XMSnakeRobot - Servo issues - 13 good channels - 7 do strange dancing

The snake robot -  (link) see photos here - has 20 servos run from 3 x Arduino Nano microcontrollers. As of today 13 of these are working and 7 are mis-behaving. Most common misbehaviour is:

  • Command servo to turn 30 degrees - it turns more than that.
  • Command servo to return to the centre position - it turns in the same direction as before but to its extreme position.

My Arduino code includes code to return all servos to the centre position on reset. This works.
I have tried swapping servos and found that the behaviour is pin-related rather than servo-related.
All 3 Arduino Nanos have the same "sketch" (program code) and similar servos connected. They are misbehaving on different pins.
One Arduino also resets itself when servos encounter loads like lifting the snake robot's head.
[Later - 26 Dec 2017 - that head section Arduino has 40cm of thin cables supplying power. These have a significant voltage drop - typically 5.1 volt dropping to 4.8 V with momentarily dropping lower when servo loads kick in. Fix was to crank up the regulator to 5.35V (small improvement) and add a 470uF capacitor and 39 ohm resistor to the Arduino Nano power supply cable (complete fix).]

Hypothesis: There is a problem with I2C.
I have been trying I2C for the first time so I have put a lot of time into checking that.
Now I have changed to Serial communications with exactly the same effect continuing.
At least I know that I can get I2C to work!

Hypothesis: Servos can cause electrical interference.
I have tried running an Arduino on a separate battery to the Servo power supply. No difference.

Hypothesis: Arduino Nano work overload.
TODO try the  "volatile" coding keyword for my servo array.
The (link) Arduino Reference "Volatile"  - states:
"volatile" -- "Specifically, it directs the compiler to load the variable from RAM and not from a storage register, which is a temporary memory location where program variables are stored and manipulated. Under certain conditions, the value for a variable stored in registers can be inaccurate."
Emphasis mine!
[Later - 26 Dec 2017 - made no difference. Wemos board (see below) would not compile so "volatile" is eliminated because I want to leave the way open to using Wemos boards]

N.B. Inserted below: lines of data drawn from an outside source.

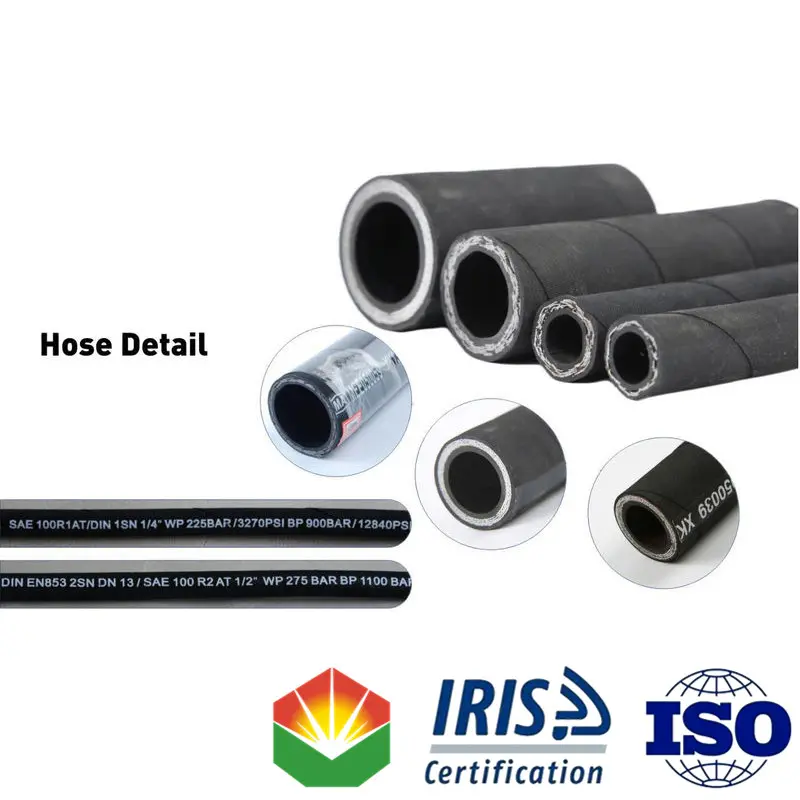 SAE 100 R12 Spiral Hydraulic Rubber Hose High Pressure For Petroleum Based Hydraulic Oils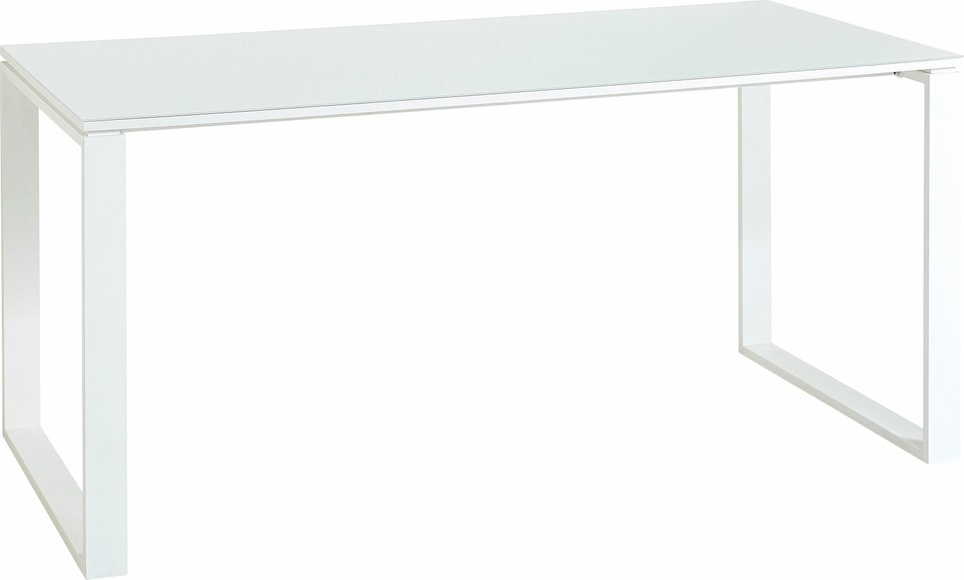 Schreibtisch MONTERIA, Rechteck, Glasauflage, Kufengestell, B 1600 x T 800 mm, weiß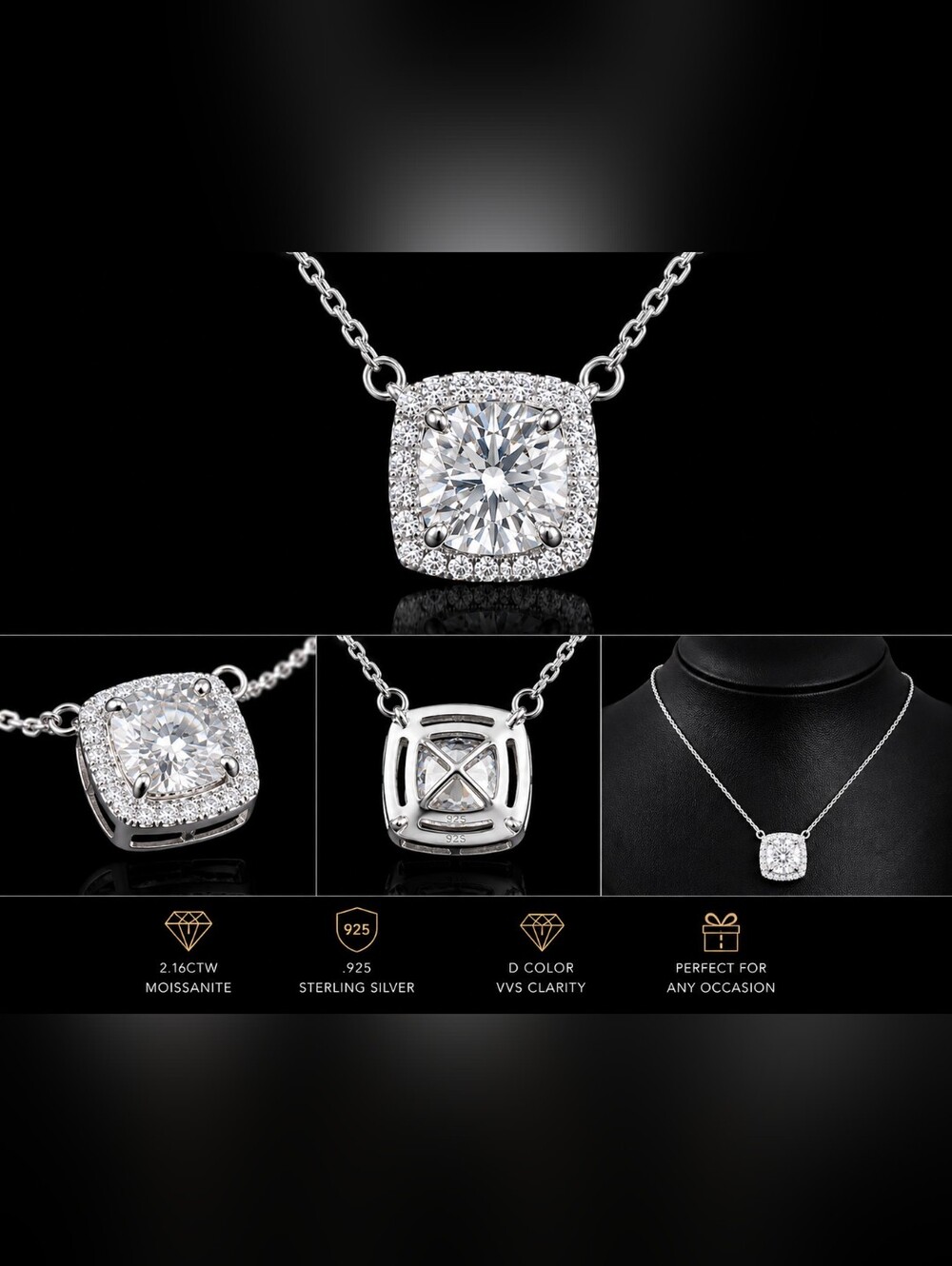2.73CTW Moissanite Halo Pendant Necklace | .925 Sterling Silver | VVS D Color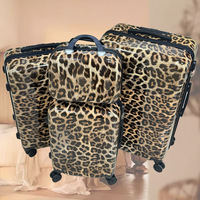 Bagage à roulettes unisexe sexy motif léopard avec fermeture à glissière rotative à 360 degrés ABS + PC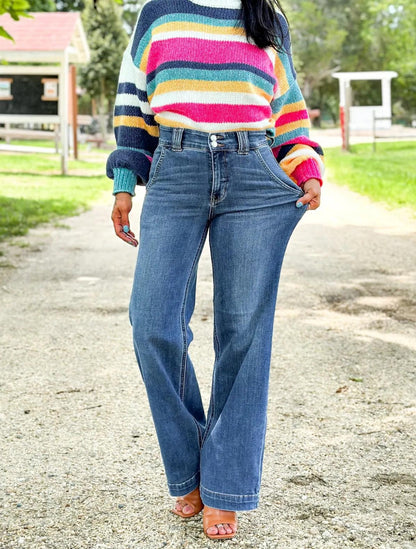 Restock! Judy Blue Anytime Anyplace Medium Wash High Waisted Double Button Wide Leg Jeans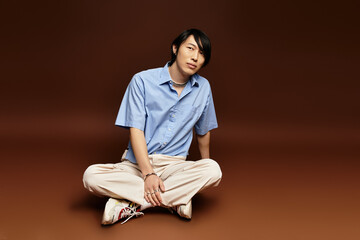 Obraz premium Stylish young Asian man poses confidently in a modern studio setting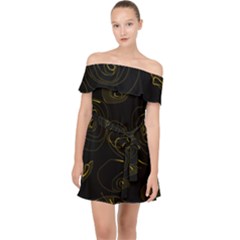 Fish 711 Off Shoulder Chiffon Dress by Mazipoodles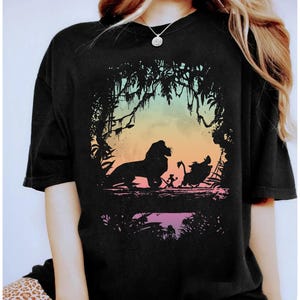 Disney The Lion King Gradient Jungle Trio Graphic Shirt, Disneyland Family Matching Shirt, Magic Kingdom Tee, WDW Epcot Theme Park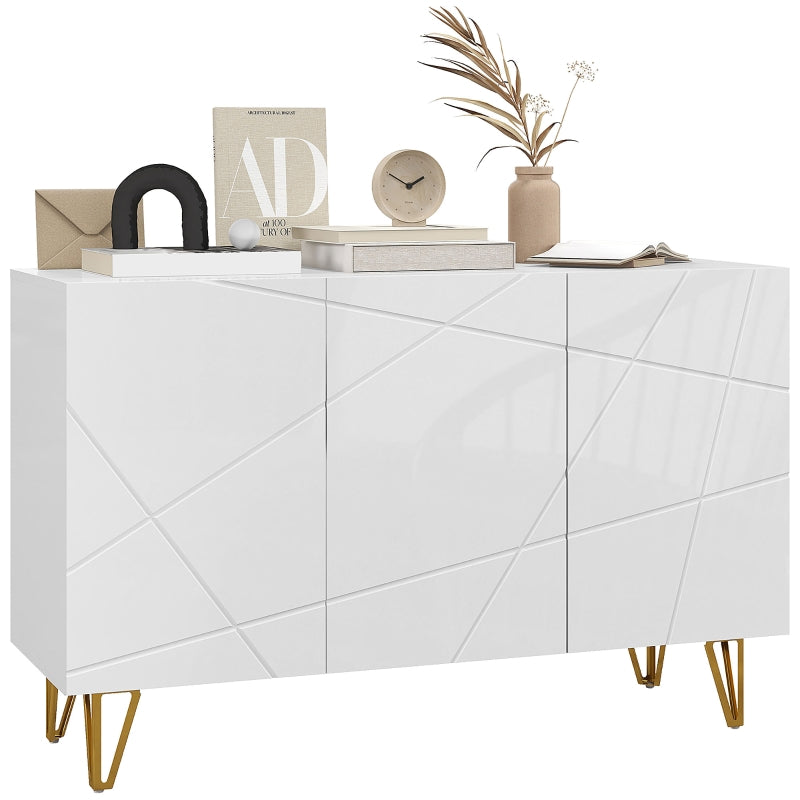 White High Gloss Sideboard with Hairpin Legs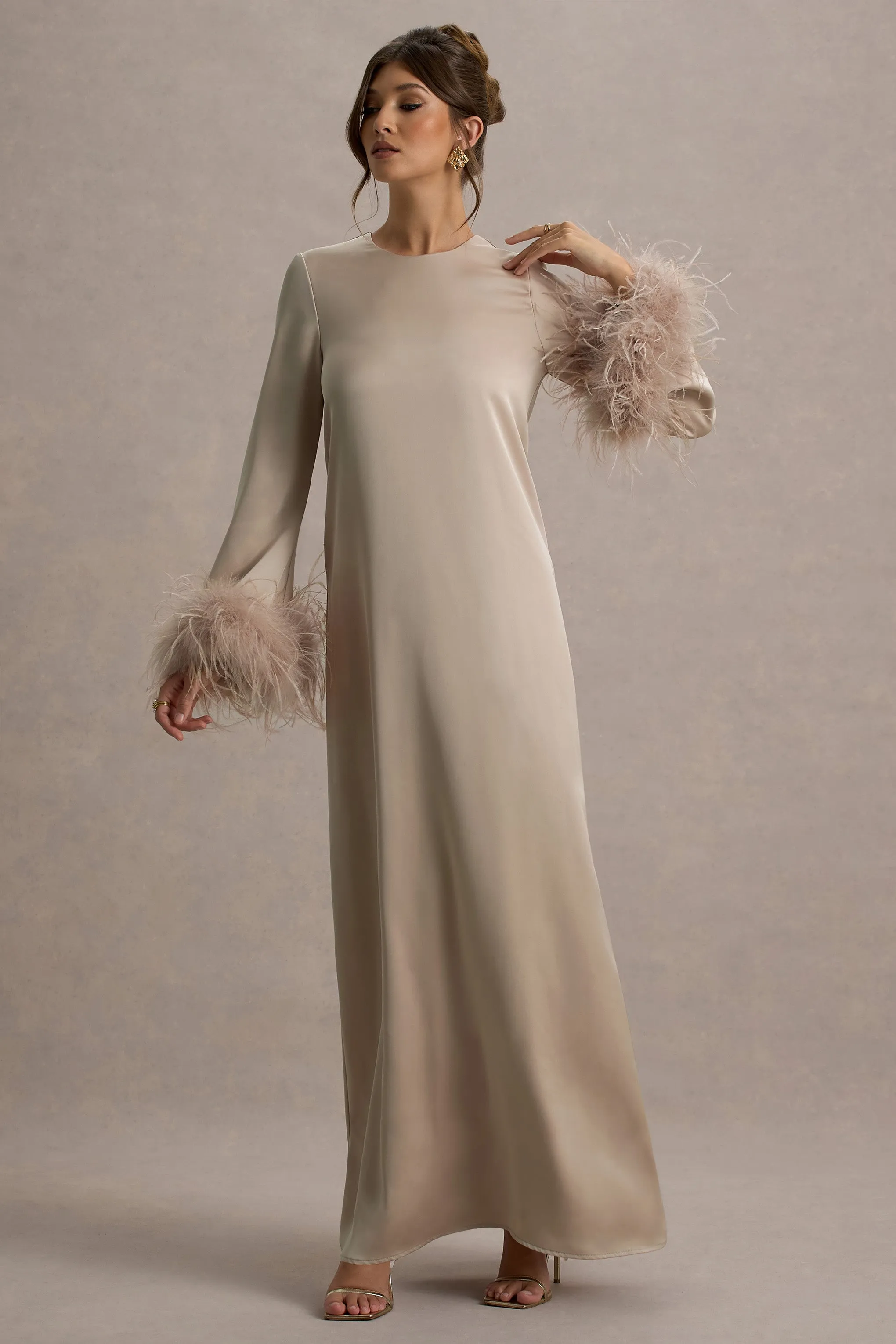 Adella | Champagne Satin Feather-Trim Maxi Dress Club L London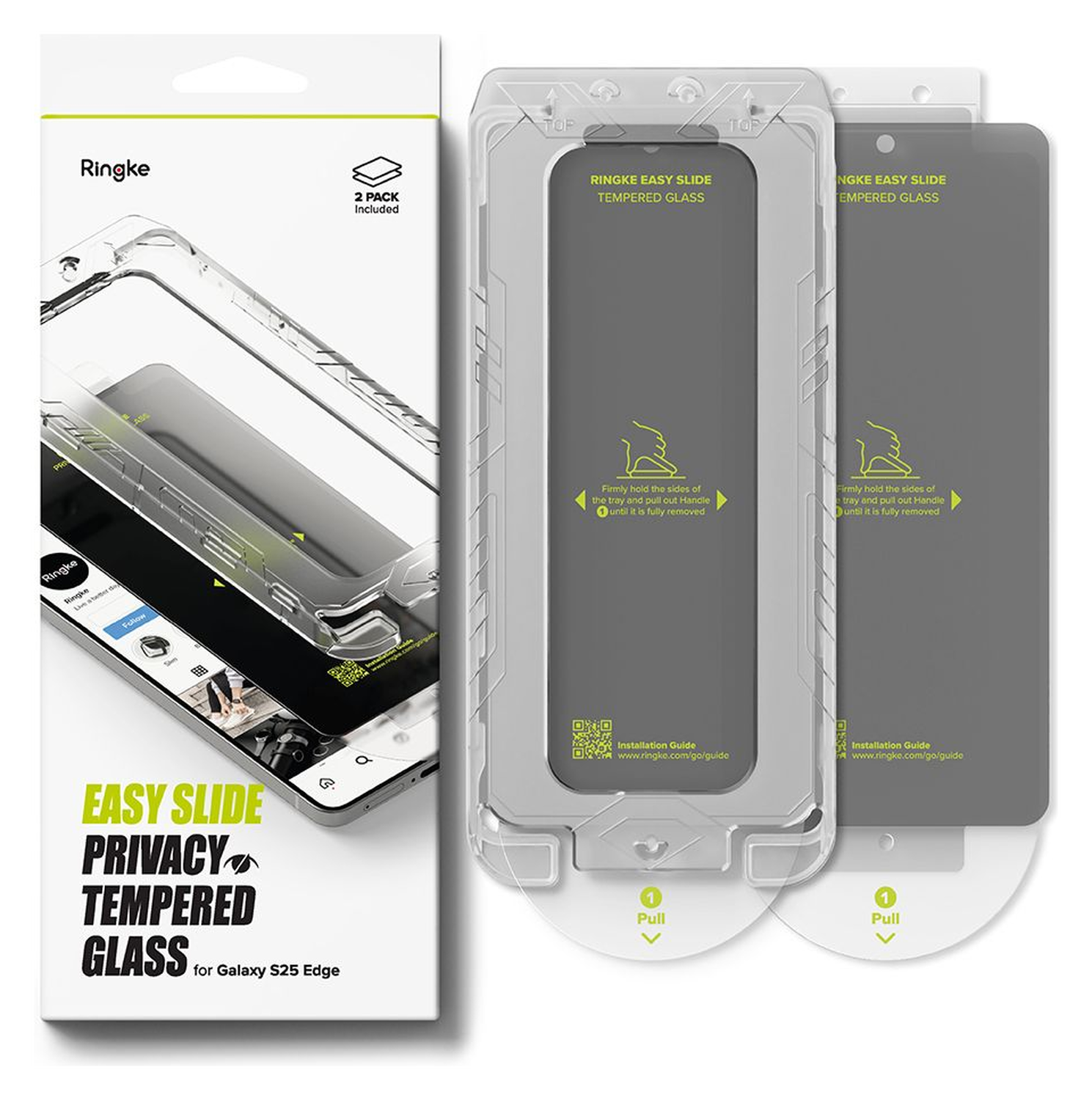 Ringke Easy Slide Privacy Samsung Galaxy S25 Edge Screen Protector Jig 2-Pack afbeelding 6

Hypothesis: The Arduino Nano is simply too low powered to handle the work I am giving it and it is "falling to pieces under the stress". I have found this forum comment:
(link) desmondcorreia (2011) writes:
I have tested each code independently everything works fine but as soon as i put it together everything goes wrong.
Desmond, You sum up my experience so well!
I do have a WEMOS D1 microcontroller where the specs say it runs at 80 MHz which is a good advance on the 16 MHz of the Arduino Nano. I am considering swapping that in. A little challenging with it being a 3.3 Volt system connecting into my very 5-volt-everywhere snake robot.
[Later - 26 Dec 2017 - changed tail section microcontroller from Nano to Wemos, a major change, and the servo behaviour was the same. This prompted me to do another review of my coding and after digging deep I did find a "bug". Coding fix gave a successful system fix.]

That should be enough to be going on with!